Mapping Solana’s Black Boxes

A Method for Tracking Behavior in Closed-Source Programs

Apr 07, 2025

Introduction

As the Solana ecosystem grows more complex and widely adopted, many of its most active programs are being deployed without open-source code, public SDKs, or IDLs. These closed-source protocols, often fully upgradeable and admin-controlled, make it difficult for analysts, researchers, and users to understand how they work — or how they're being used.

While we often think of reverse engineering as reconstructing program logic, there’s another approach that’s more accessible and broadly useful: behavioral mapping. By tracking on-chain activity and surfacing consistent structures in real transactions, it’s possible to categorize what a contract is doing, who is using it, and how.

This post presents a practical, repeatable methodology for identifying and labeling real-world behavior within closed-source Solana programs. Instead of cracking open the contract’s logic, we infer structure through account patterns, inner instruction traces, and token flow — starting with nothing but the transactions themselves.

The result is a useful framework for surfacing contract activity at scale, even when internal logic is completely opaque. Our hope is that this work helps advance transparency across Solana — giving the community better tools for understanding how opaque programs are functioning in the real world.

Methodology Overview

Our approach is grounded in observing and interpreting the runtime behavior of closed-source Solana programs. Since we cannot inspect the source code or rely on an IDL, we treat the program as a black box — learning how it works by interacting with it and measuring its responses.

At a high level, the methodology involves:

Identifying a target program to track
Crafting and sending transactions with controlled input
Capturing transaction logs and execution traces
Analyzing involved accounts, changes in account data, and log output
Looking for consistent patterns that indicate function behavior, argument structures, and control flow
Refining our understanding through iteration and variation

To illustrate this process in action, we’ll walk through a full example of tracking a single category of user interactions within a closed-source Solana program step by step.

Step 1: Selecting a Target Program

We begin by choosing a program that is actively deployed, lacks an IDL, and has no publicly available source code. For this example, we’ll use pAMMBay6oceH9fJKBRHGP5D4bD4sWpmSwMn52FMfXEA, the address of PumpSwaps — a closed-source protocol deployed on Solana mainnet. It is a newly popular DEX on Solana, yet its behavior remains undocumented and opaque.

You can discover similar programs by monitoring active addresses in transaction flows, checking top interacting programs on Solana Explorer, or identifying contracts without IDLs on platforms like SolanaFM.

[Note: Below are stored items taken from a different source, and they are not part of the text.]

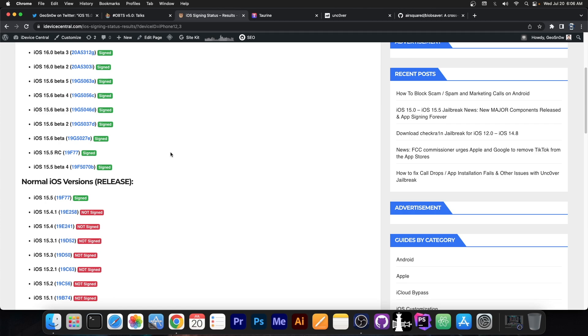And if you keep updating, you are never going to have a jailbreak, because we never get jailbreaks for the latest version nowadays. It's a trade-off you have to make. If you want a jailbreak, stay as low as possible.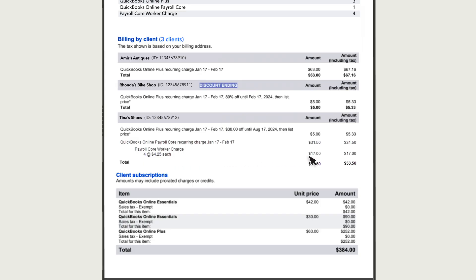Each line lists the number of charges, how much you pay for each, and the total for that subscription. Then you'll see a total listed for each client.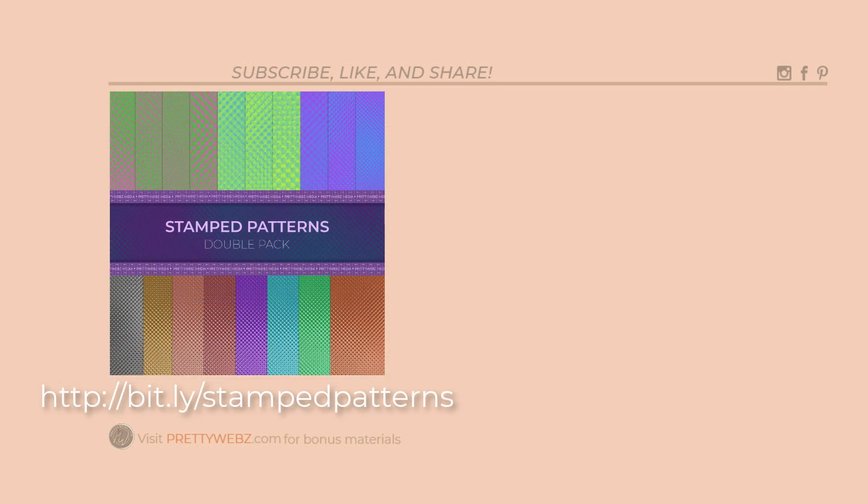To learn more about working inside of Photoshop, watch one or more of the videos up on the screen right now. And don't forget to like, share and subscribe until next time. Thanks for watching.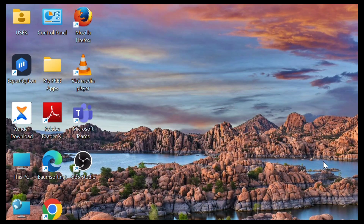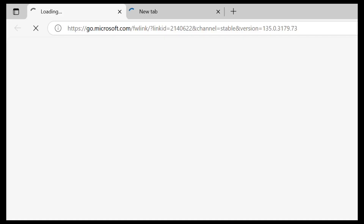So guys, let's proceed. First you need to head over to your Microsoft Edge. Make sure you're using Microsoft Edge — don't use another browser — just make sure you're using Microsoft Edge for this tutorial.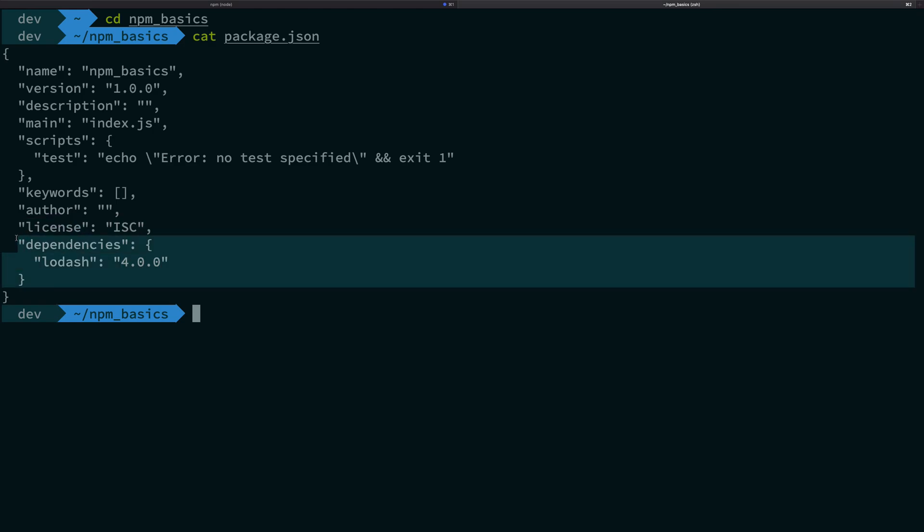You can also have other sorts of dependencies like dev dependencies, peer dependencies, all that stuff. So we'll come to that as we proceed, but let's start with the major dependencies now, that is just the dependencies.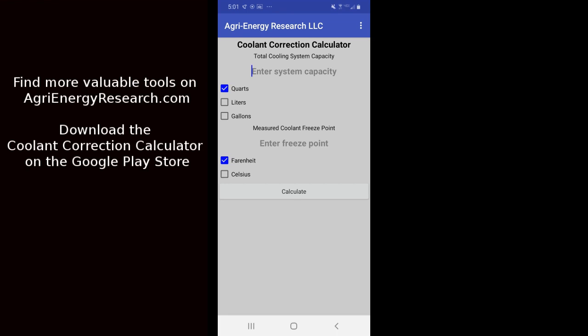Today I'm going to demonstrate the use of the coolant correction calculator. This is a very useful tool that can quickly save you time and money.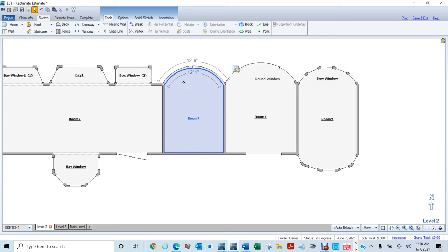On the next video I'll show you how to create the roofs for these bay and bow windows, so you'll have to watch that next video. Thank you for watching and I'll see you on the next one.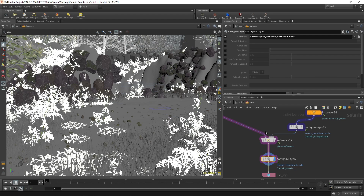I'd also recommend the L-system tutorial we released — it's a beginner L-system tutorial and all of these plants are made with L-systems. Feel free to check that out as well. That's it, thank you for watching. I'll see you around. Bye.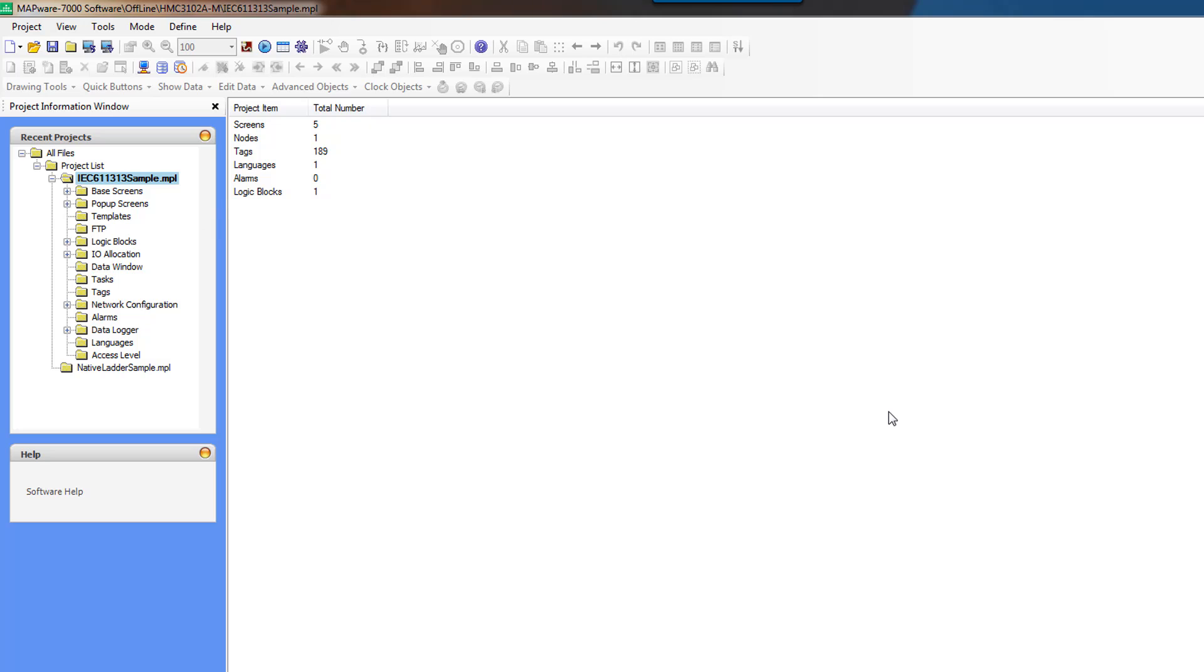This project that we're doing is going to be similar to the last in that we're going to be creating a scaling program. We're going to scale an input from Celsius to Fahrenheit, and then also scale an input from a 12-bit raw integer into a 0 to 5 volt output.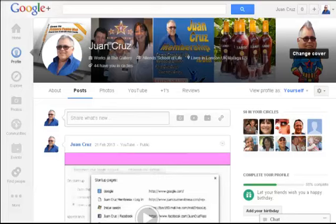Welcome, I'm Juan Cruz from Juan Cruz Online. In this short video I'm going to show you how to start a Google Hangout. You probably never heard about this, but it's a way which has been around for quite a while, in which you can have a conference or a conversation through Google using Google Hangout with any friends that are in your circle.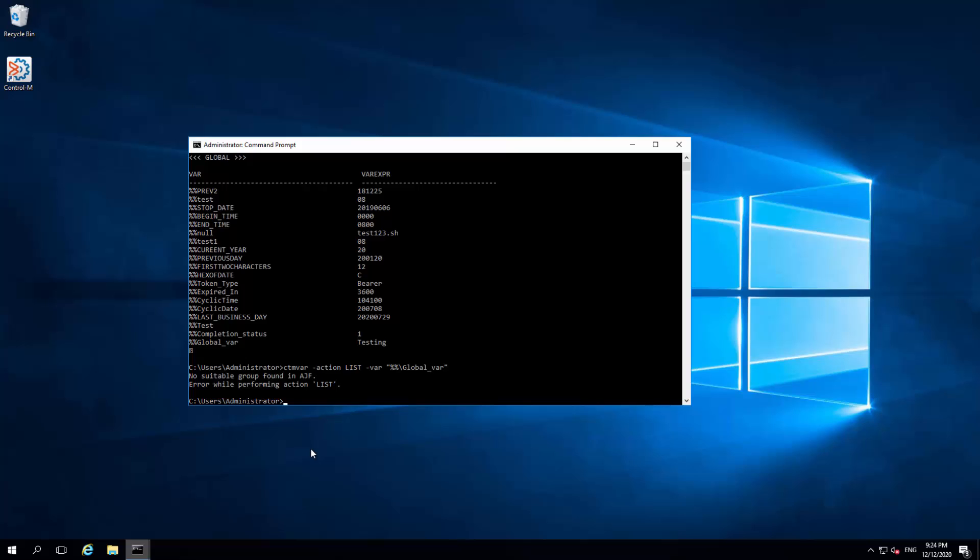The ctmvar utility will not list the value of a specific global variable. Instead, we can use the ctmstvar utility.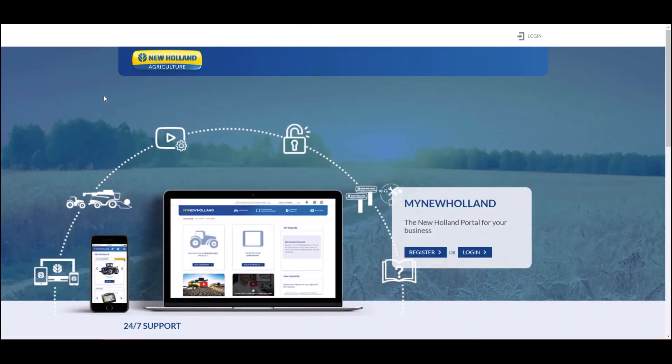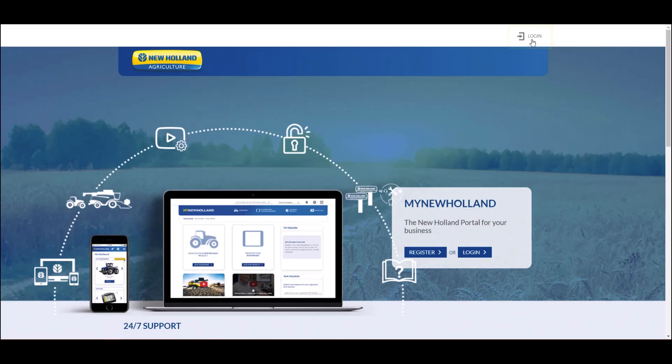If your email address is already associated with a my.newholland account, you can use the Login button at the top of the page.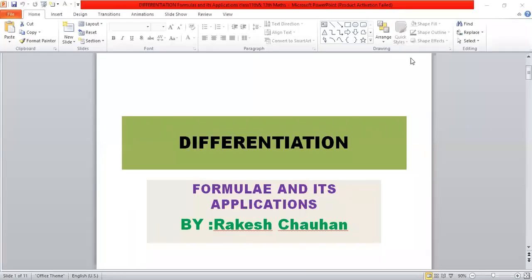I am Rakesh Chohan, Mathematics Teacher at Sikshan Learning Center, Burgaard. I am today showing DPT on differentiation formula and its application by Rakesh Chohan.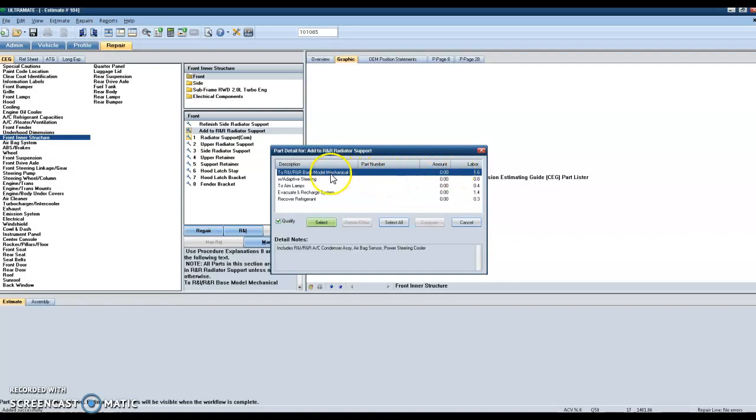And again, if the vehicle has adaptive steering, then you would just select that, and then it would allow for the additional labor that would be associated for that vehicle option.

Step 2: Interacting Through the Frontend and Inspecting the Transaction

When a closed-source Solana program has an active frontend, it offers a convenient way to start usage tracking. Even without access to the codebase or an SDK, the UI exposes on-chain functionality that we can manually trigger to produce real transactions — giving us a starting point for deeper analysis.

In this example, we visited the PumpSwaps frontend and performed a basic action: submitting a token swap.

After submitting the swap, we opened our wallet’s transaction history and located the relevant transaction. From there, we looked it up on a block explorer (e.g., SolanaFM, Solscan, or Solana Explorer) to inspect its structure in more detail.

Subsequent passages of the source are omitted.